Crise énergétique : Y aura-t-il une solution tant que les autorités ne sont pas concernées ?

Crise énergétique : Y aura-t-il une solution tant que les autorités ne sont pas concernées ?

Aujourd’hui, la crise énergétique au Mali, notamment à Bamako la capitale, dépasse l’imagination. Depuis 2021 jusqu’à nos jours, les autorités de la transition n’arrivent pas à trouver une solution à cette crise qui affecte tous les secteurs économiques et vitaux. Des promesses non tenues ont contribué à aggraver la situation, qui va de mal en pire.

En cette période de canicule, presque tous les quartiers de Bamako ne disposent de courant que cinq heures sur vingt-quatre. Les populations souffrent, et les travailleurs, faute d’électricité, se retrouvent au chômage technique. Pourtant, ceux qui doivent résoudre cette crise disposent, pour la plupart, de groupes électrogènes ou de panneaux solaires installés chez eux. Cela signifie qu’ils ne mesurent pas réellement les souffrances des populations qui n’ont pas les mêmes moyens, ni les conséquences des délestages sur les activités économiques et sur la santé humaine, notamment celle des personnes âgées. Dès lors, une question mérite d’être posée : auront-ils la solution à la crise énergétique tant que les autorités chargées de la résoudre disposent, chez elles, de panneaux solaires ou de groupes électrogènes ?

Le Mali traverse une crise multidimensionnelle depuis des décennies. Celle-ci a conduit à un soulèvement de certains Maliens, débouchant sur un coup d’État militaire en août 2020. Pourtant, dans la Constitution, le coup d’État est considéré comme un crime imprescriptible et, de manière générale, il entrave le développement du pays.

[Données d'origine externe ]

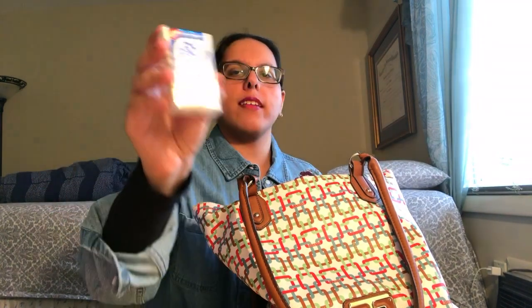The next thing I have in my bag is Tic Tac Gum Mints — is that what it's called? I think so. I just figured this out like a couple months ago. I used to eat regular Tic Tacs and a lot of gum, and then they combined them together. So this is what it looks like, and they are so, so good. If you guys want to try these out, please do.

Pour certains, cet acte ne profite qu’à ses auteurs, à leurs proches et à leurs connaissances, car ils se partagent les postes clés et stratégiques de l’État. Cependant, si beaucoup avaient placé leur espoir aux auteurs du coup d’État d’août 2020 pour refonder le pays, aujourd’hui nombreux sont ceux qui regrettent cet événement. Car le pays n’a pas évolué d’un iota par rapport au régime de feu IBK. Au contraire, la situation s’est dégradée dans tous les secteurs, notamment celui de l’énergie.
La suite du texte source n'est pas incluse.